The public interfaces of these two trie classes are identical. Below can be seen
the most significant part of the public interface of 'ArrayTrie<>':

  namespace Trie {
  ...

  enum class gen_type_t {
      compact,
      wide
  };

  template<
      typename T,
      typename C = char,
      template<typename> class R = trie_traits_t>
  class ArrayTrie :
      private R<C>
  {
  public:
      typedef T value_t;
      typedef R<C> traits_t;
      typedef typename traits_t::char_t char_t;
      typedef typename traits_t::string_t string_t;
      typedef typename traits_t::ostream_t ostream_t;
      typedef typename traits_t::ostream_manip_t ostream_manip_t;
  
      ArrayTrie();
      ~ArrayTrie();
  
      ArrayTrie(const ArrayTrie&) = delete;
      ArrayTrie& operator=(const ArrayTrie&) = delete;
  
      ArrayTrie(ArrayTrie&&) = delete;
      ArrayTrie operator=(ArrayTrie&&) = delete;
  
      const value_t* get(const string_t& key) const;
      const value_t* get(const char_t* key) const;
  
      void put(const string_t& key, const value_t& val = {});
      void put(const char_t* key, const value_t& val = {});
  
      void put(const string_t& key, value_t&& val);
      void put(const char_t* key, value_t&& val);
  
      void print(ostream_t& ost) const;
  
      void gen_trie(ostream_t& ost, gen_type_t type) const;
      void gen_code(ostream_t& ost, gen_type_t type) const;
      void gen_expr(ostream_t& ost, gen_type_t type) const;
      ...
  };
  ...

  } // namespace Trie

The 'get' and 'put' member functions do have the obvious meaning. The 'print' and
'gen_{trie,code,expr}' functions are no more than convenient public interfaces to
the private functions 'print_obj' and 'gen_{wide,compact}_{trie,code,expr}' which
were introduced in section 2 and for which relevant use cases are to be presented
in section 4.

Notice that the truncated class declaration shown above indicate that these two
trie classes are neither to be copied nor to be moved. This is quite a cut-off
functionality, but, for the current purposes of Trie-Gen, it is sufficient.
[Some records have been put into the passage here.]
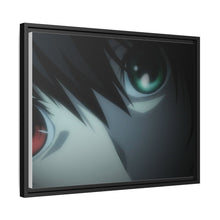Load image into Gallery viewer, Mei Misaki Canvas Framed Art Print
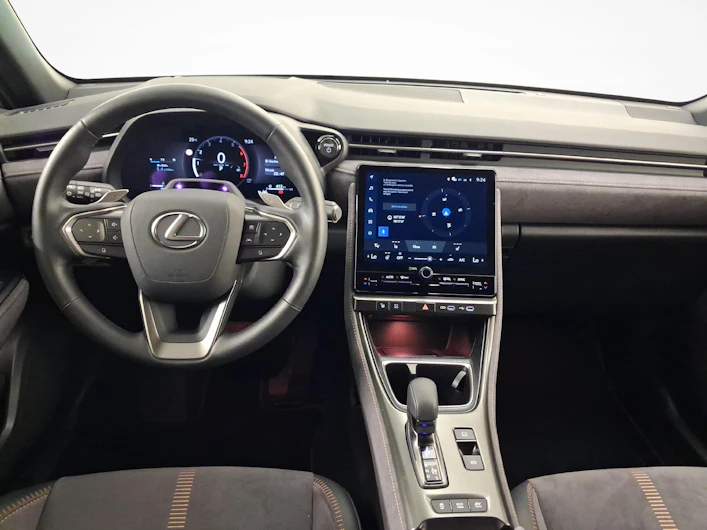 Fahrzeugbild LEXUS LBX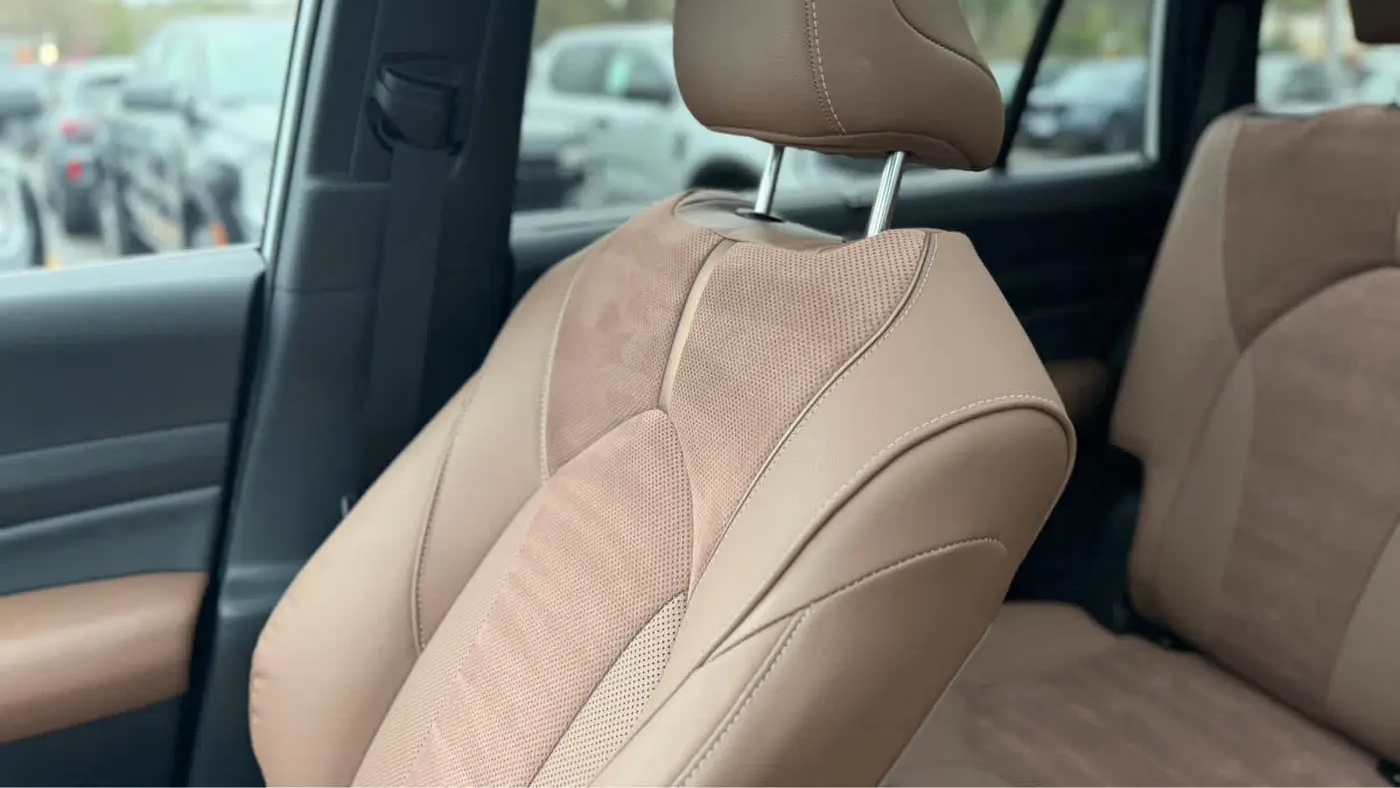 2025 Toyota Grand Highlander Hybrid MAX Limited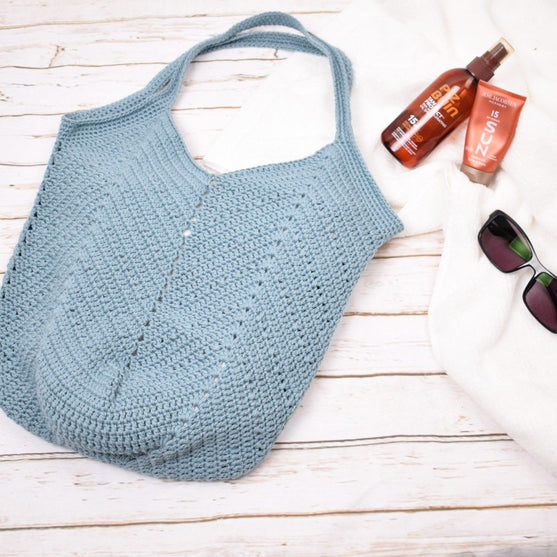 

Summer Breeze Strandtasche
2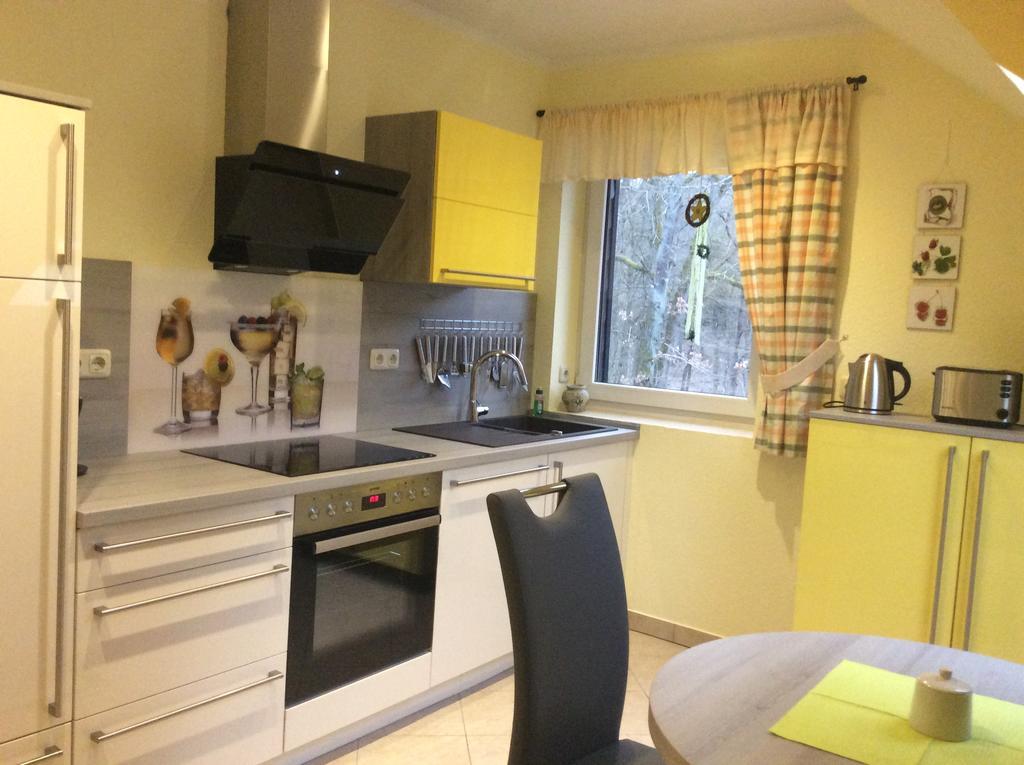 Ferienwohnung Seeperle Wettelrode Екстериор снимка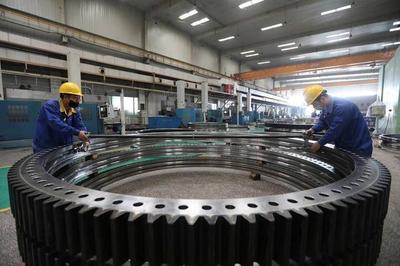 瓦轴去年风电轴承销售收入增长249%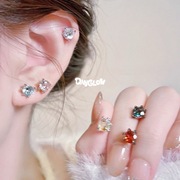 Pentagon Gem Earring(DAYGLOW)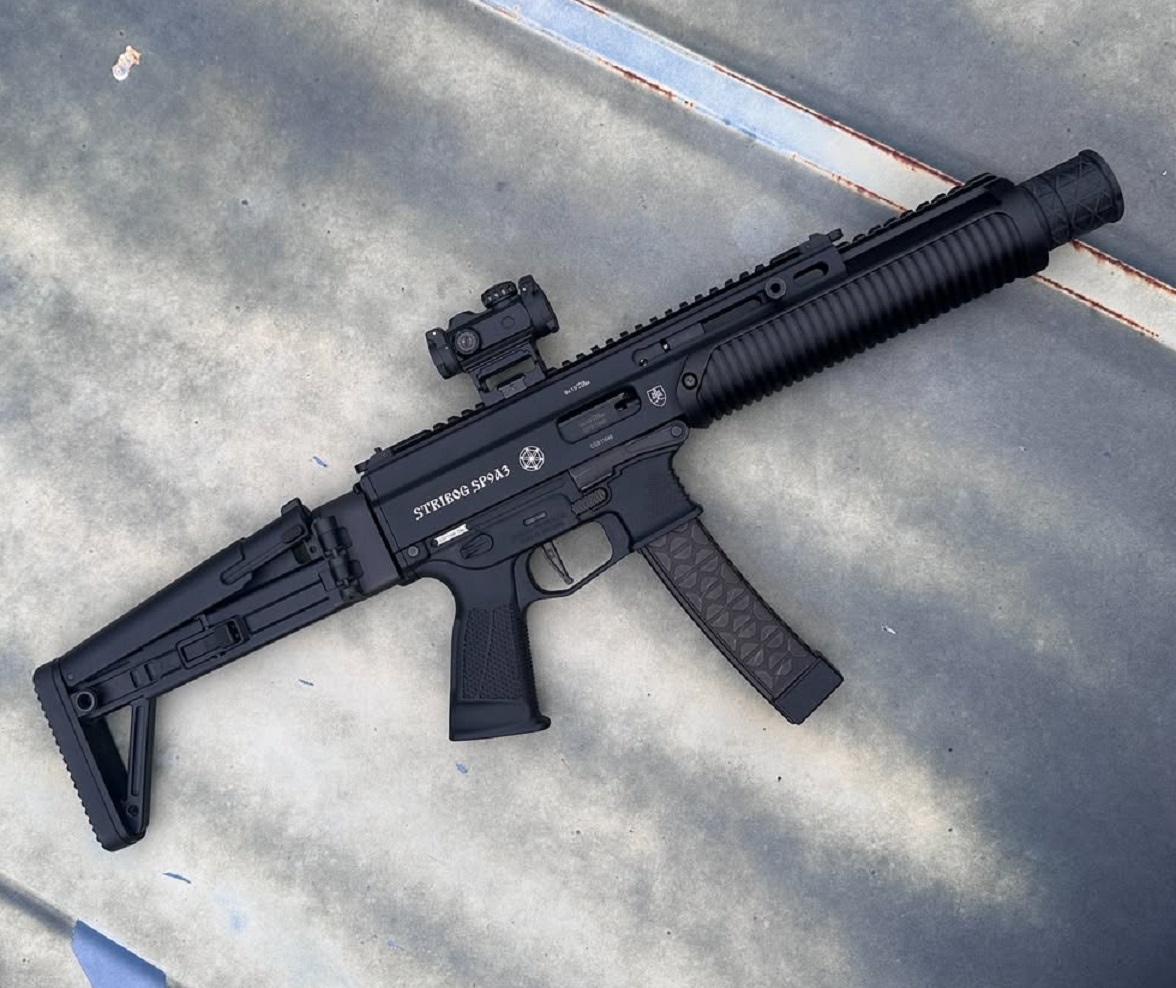 stribog-sd-handguard-.jpg KM3 SD Style Handguard for Stribog by KM3 Solutions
Now, moving focus toward the inner workings of these classes, it is appropriate
to discuss about the memory management implemented for the types of entities that
are to be handled internally by each of the classes. First thing to say is that
the entities manipulated by the trie classes are of three types: keys, values and
nodes. The keys and the values are passed in through the 'put' functions by the
user. The nodes are specific internal structures of each of the two types of trie
classes: each of '{Array,Ternary}Trie<>' classes define an own 'struct' 'node_t'.

Memory management of keys for both classes is trivial, since these trie data
structures do have the interesting property that they do not store explicitly
the keys passed in. For values the story is different: indeed they have to be
stored internally as to be able to return back reference of them when the user
is asking for that.

The trie classes store copied-from or moved-from values created from the values
taken in via the 'put' functions. The means by which the two classes accomplish
this functionality are, however, different. The 'ArrayTrie<>' class stores those
copied-from or by case move-from values within the 'node_t' struct. On the other
hand, the 'TernaryTrie<>' class stores the copied-from or moved-from values into
a dedicated container -- 'vals' of type 'vals_t'. The nodes of 'TernaryTrie<>'
class -- due to the peculiarity of them having to use an 'union' -- store only
pointers to actual 'value_t' instances in 'vals'. As a matter of fact, only few
nodes of the internal tree structure in the trie receives a pointer to an object
in 'vals'. Consequently, the memory management of the values within a ternary
trie is exactly that which is offered by its 'vals' container.

For managing the 'node_t' instances, both of the trie classes uses an externally
defined 'TriePool<>' class. The memory management of nodes in both trie classes
is precisely the memory management of nodes realized by the 'TriePool<>' class.

Similarly to the case of 'vals' of 'TernaryTrie<>' class, the 'TriePool<>' do
accomplish its task by relying on another standard container -- the ubiquitous
'std::vector<>': in our case 'std::vector<std::unique_ptr<node_t>>'. When asked,
by a call to the function 'new_node', to supply a freshly created instance of
'node_t', 'TriePool<>' simply does the following sequence of steps:

  (1) create a node and hold it in a 'std::unique_ptr<>';
  (2) than 'std::move' the unique pointer into the base
      'std::vector<std::unique_ptr<node_t>>';
  (3) finally, return a pointer the node just created.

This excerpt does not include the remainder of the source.